Entries supplied:
Segment Open

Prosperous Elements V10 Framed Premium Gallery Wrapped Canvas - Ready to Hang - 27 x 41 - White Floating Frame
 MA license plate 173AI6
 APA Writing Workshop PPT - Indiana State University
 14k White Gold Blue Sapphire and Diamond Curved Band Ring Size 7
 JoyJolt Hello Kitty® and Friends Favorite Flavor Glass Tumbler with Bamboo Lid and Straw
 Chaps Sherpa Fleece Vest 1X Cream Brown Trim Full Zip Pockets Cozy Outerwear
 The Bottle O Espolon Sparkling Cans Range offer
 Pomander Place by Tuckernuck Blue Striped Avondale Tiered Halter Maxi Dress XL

Segment Closed
Segment Open

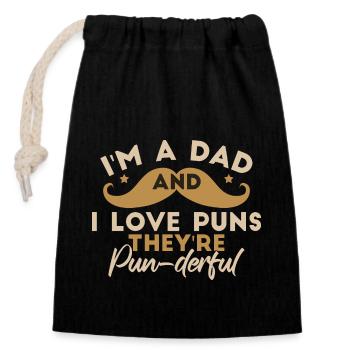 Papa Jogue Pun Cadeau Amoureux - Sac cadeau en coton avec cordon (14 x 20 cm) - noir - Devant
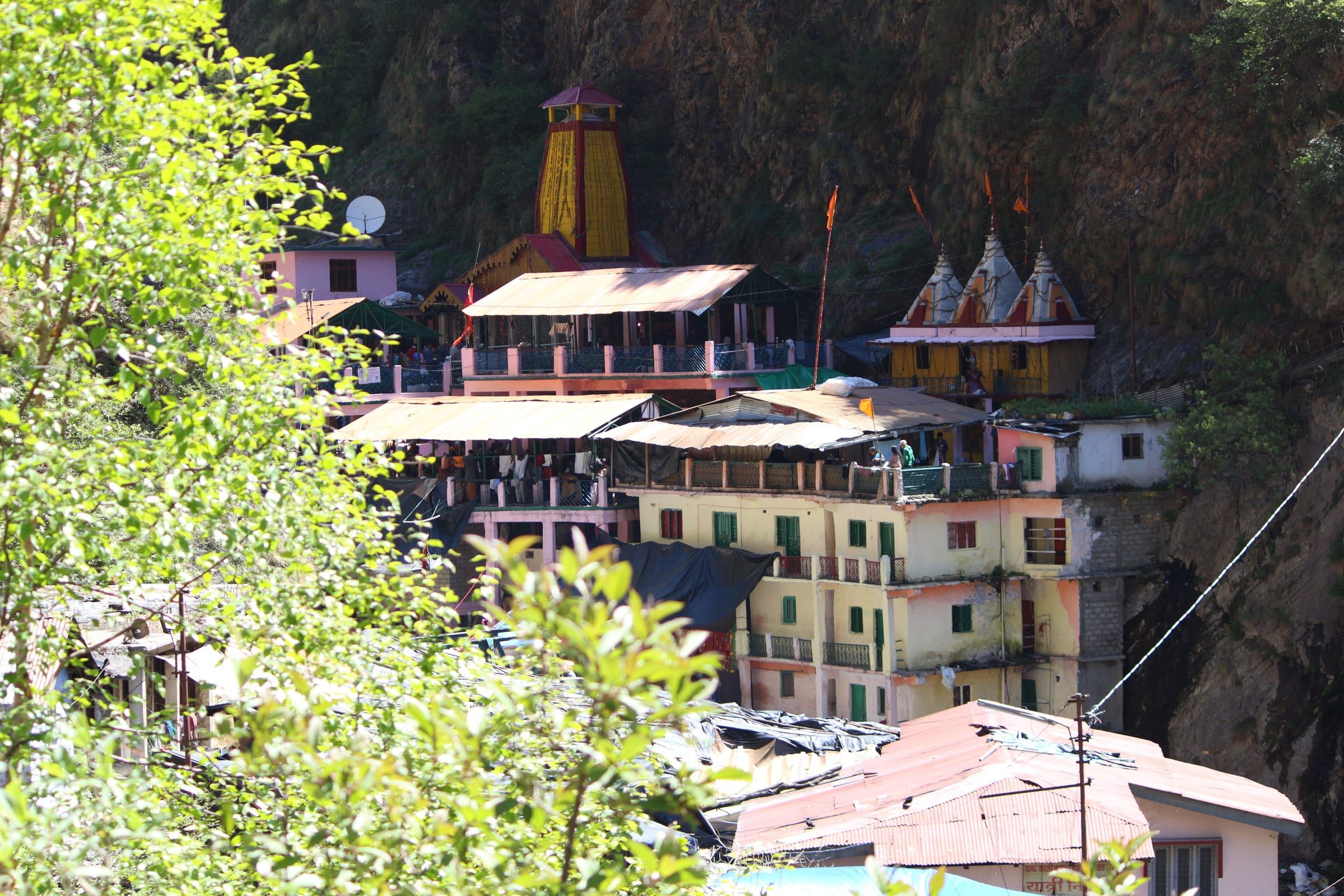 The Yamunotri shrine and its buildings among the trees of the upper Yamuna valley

Segment Closed

What you need to do: Using only the listing above, restate exactly the lines from the line containing "Prosperous Elements V10" through the line containing "Pomander Place by", both included.

Exercise answer:
Prosperous Elements V10 Framed Premium Gallery Wrapped Canvas - Ready to Hang - 27 x 41 - White Floating Frame
 MA license plate 173AI6
 APA Writing Workshop PPT - Indiana State University
 14k White Gold Blue Sapphire and Diamond Curved Band Ring Size 7
 JoyJolt Hello Kitty® and Friends Favorite Flavor Glass Tumbler with Bamboo Lid and Straw
 Chaps Sherpa Fleece Vest 1X Cream Brown Trim Full Zip Pockets Cozy Outerwear
 The Bottle O Espolon Sparkling Cans Range offer
 Pomander Place by Tuckernuck Blue Striped Avondale Tiered Halter Maxi Dress XL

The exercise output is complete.